• _WHAT YOU WILL DO_
Give back an exact copy of the lines in the records below, from the line that has "Boone Antique Brass" through the line that has "0.5 CT. TW Diamond", and nothing besides.

• _EXTRACTED ENTRIES_

Start of Block

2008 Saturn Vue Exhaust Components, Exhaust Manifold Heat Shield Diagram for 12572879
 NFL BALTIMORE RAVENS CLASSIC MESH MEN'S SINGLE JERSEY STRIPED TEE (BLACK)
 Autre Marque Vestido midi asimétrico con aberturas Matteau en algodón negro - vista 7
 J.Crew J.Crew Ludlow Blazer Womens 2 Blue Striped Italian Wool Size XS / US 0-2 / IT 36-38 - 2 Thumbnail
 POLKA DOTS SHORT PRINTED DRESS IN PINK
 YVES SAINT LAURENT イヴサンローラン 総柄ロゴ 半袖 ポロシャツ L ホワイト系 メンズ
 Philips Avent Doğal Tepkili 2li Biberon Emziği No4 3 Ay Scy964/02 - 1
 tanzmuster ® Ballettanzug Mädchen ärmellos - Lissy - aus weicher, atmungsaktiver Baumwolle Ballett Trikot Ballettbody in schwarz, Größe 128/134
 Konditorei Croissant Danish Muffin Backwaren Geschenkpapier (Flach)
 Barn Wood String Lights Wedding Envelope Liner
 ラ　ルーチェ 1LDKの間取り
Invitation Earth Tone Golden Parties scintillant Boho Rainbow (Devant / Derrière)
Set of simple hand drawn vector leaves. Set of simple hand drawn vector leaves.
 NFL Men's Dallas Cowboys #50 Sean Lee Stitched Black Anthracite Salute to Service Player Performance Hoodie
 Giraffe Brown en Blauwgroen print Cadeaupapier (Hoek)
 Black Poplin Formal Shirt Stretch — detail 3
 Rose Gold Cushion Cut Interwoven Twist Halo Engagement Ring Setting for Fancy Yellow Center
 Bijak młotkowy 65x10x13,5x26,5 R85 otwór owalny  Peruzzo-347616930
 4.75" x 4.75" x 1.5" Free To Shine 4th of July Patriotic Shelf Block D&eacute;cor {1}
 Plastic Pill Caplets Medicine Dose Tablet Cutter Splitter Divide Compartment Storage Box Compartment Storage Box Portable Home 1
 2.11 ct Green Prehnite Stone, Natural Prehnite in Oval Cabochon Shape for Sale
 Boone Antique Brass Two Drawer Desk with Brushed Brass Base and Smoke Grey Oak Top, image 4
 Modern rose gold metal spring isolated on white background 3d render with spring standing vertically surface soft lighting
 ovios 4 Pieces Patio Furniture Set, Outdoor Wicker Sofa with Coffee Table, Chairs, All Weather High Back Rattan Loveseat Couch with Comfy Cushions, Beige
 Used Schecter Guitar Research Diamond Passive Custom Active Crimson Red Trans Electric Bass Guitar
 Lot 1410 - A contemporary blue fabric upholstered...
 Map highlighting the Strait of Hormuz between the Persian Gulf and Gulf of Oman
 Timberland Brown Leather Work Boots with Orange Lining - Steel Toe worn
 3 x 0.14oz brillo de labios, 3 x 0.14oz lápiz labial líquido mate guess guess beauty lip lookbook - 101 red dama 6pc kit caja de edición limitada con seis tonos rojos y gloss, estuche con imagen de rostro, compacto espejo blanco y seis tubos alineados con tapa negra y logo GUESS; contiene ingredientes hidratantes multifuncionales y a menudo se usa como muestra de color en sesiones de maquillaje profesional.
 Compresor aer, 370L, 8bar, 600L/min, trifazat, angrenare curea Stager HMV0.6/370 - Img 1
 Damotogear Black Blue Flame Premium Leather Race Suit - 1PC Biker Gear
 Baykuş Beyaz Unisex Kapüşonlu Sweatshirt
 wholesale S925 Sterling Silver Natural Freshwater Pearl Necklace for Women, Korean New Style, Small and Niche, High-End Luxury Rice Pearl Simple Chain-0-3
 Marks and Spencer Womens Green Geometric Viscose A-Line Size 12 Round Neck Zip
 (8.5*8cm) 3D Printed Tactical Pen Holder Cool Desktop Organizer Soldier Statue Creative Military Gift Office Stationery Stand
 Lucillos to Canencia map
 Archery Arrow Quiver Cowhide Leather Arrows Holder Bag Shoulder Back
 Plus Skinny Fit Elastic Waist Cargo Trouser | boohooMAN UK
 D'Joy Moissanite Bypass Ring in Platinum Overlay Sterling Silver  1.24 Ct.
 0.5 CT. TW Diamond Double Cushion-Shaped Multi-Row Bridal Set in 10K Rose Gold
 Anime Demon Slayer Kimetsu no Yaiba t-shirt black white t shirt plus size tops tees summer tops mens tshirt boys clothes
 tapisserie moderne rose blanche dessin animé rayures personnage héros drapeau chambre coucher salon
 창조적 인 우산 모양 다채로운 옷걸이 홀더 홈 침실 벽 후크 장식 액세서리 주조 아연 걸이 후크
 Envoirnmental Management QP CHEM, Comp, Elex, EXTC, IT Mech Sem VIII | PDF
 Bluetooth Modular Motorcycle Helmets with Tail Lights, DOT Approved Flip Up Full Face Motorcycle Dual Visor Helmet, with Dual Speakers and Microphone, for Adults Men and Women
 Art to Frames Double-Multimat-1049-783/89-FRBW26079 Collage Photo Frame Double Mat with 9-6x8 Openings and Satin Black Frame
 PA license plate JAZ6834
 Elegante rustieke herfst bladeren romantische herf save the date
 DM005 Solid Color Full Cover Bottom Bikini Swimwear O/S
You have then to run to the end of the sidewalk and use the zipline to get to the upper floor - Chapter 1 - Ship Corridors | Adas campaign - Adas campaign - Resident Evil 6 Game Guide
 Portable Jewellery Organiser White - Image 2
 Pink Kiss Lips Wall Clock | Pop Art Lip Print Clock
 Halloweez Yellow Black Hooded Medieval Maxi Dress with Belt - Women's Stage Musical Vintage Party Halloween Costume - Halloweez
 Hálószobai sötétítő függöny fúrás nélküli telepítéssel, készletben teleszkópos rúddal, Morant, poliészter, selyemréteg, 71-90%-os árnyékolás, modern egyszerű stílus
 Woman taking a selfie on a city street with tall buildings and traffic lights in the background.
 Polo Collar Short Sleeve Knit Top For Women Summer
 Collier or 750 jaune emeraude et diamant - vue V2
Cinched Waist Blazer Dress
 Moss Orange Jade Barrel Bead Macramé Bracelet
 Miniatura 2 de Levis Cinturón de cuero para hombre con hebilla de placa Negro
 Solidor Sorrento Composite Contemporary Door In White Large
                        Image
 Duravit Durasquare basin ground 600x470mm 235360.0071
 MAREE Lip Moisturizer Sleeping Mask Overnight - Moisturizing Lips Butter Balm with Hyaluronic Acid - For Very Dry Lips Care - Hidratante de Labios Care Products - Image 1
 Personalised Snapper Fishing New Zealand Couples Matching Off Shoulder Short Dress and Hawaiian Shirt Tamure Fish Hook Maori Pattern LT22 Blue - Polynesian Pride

End of Block

• _OUTPUT_
 Boone Antique Brass Two Drawer Desk with Brushed Brass Base and Smoke Grey Oak Top, image 4
 Modern rose gold metal spring isolated on white background 3d render with spring standing vertically surface soft lighting
 ovios 4 Pieces Patio Furniture Set, Outdoor Wicker Sofa with Coffee Table, Chairs, All Weather High Back Rattan Loveseat Couch with Comfy Cushions, Beige
 Used Schecter Guitar Research Diamond Passive Custom Active Crimson Red Trans Electric Bass Guitar
 Lot 1410 - A contemporary blue fabric upholstered...
 Map highlighting the Strait of Hormuz between the Persian Gulf and Gulf of Oman
 Timberland Brown Leather Work Boots with Orange Lining - Steel Toe worn
 3 x 0.14oz brillo de labios, 3 x 0.14oz lápiz labial líquido mate guess guess beauty lip lookbook - 101 red dama 6pc kit caja de edición limitada con seis tonos rojos y gloss, estuche con imagen de rostro, compacto espejo blanco y seis tubos alineados con tapa negra y logo GUESS; contiene ingredientes hidratantes multifuncionales y a menudo se usa como muestra de color en sesiones de maquillaje profesional.
 Compresor aer, 370L, 8bar, 600L/min, trifazat, angrenare curea Stager HMV0.6/370 - Img 1
 Damotogear Black Blue Flame Premium Leather Race Suit - 1PC Biker Gear
 Baykuş Beyaz Unisex Kapüşonlu Sweatshirt
 wholesale S925 Sterling Silver Natural Freshwater Pearl Necklace for Women, Korean New Style, Small and Niche, High-End Luxury Rice Pearl Simple Chain-0-3
 Marks and Spencer Womens Green Geometric Viscose A-Line Size 12 Round Neck Zip
 (8.5*8cm) 3D Printed Tactical Pen Holder Cool Desktop Organizer Soldier Statue Creative Military Gift Office Stationery Stand
 Lucillos to Canencia map
 Archery Arrow Quiver Cowhide Leather Arrows Holder Bag Shoulder Back
 Plus Skinny Fit Elastic Waist Cargo Trouser | boohooMAN UK
 D'Joy Moissanite Bypass Ring in Platinum Overlay Sterling Silver  1.24 Ct.
 0.5 CT. TW Diamond Double Cushion-Shaped Multi-Row Bridal Set in 10K Rose Gold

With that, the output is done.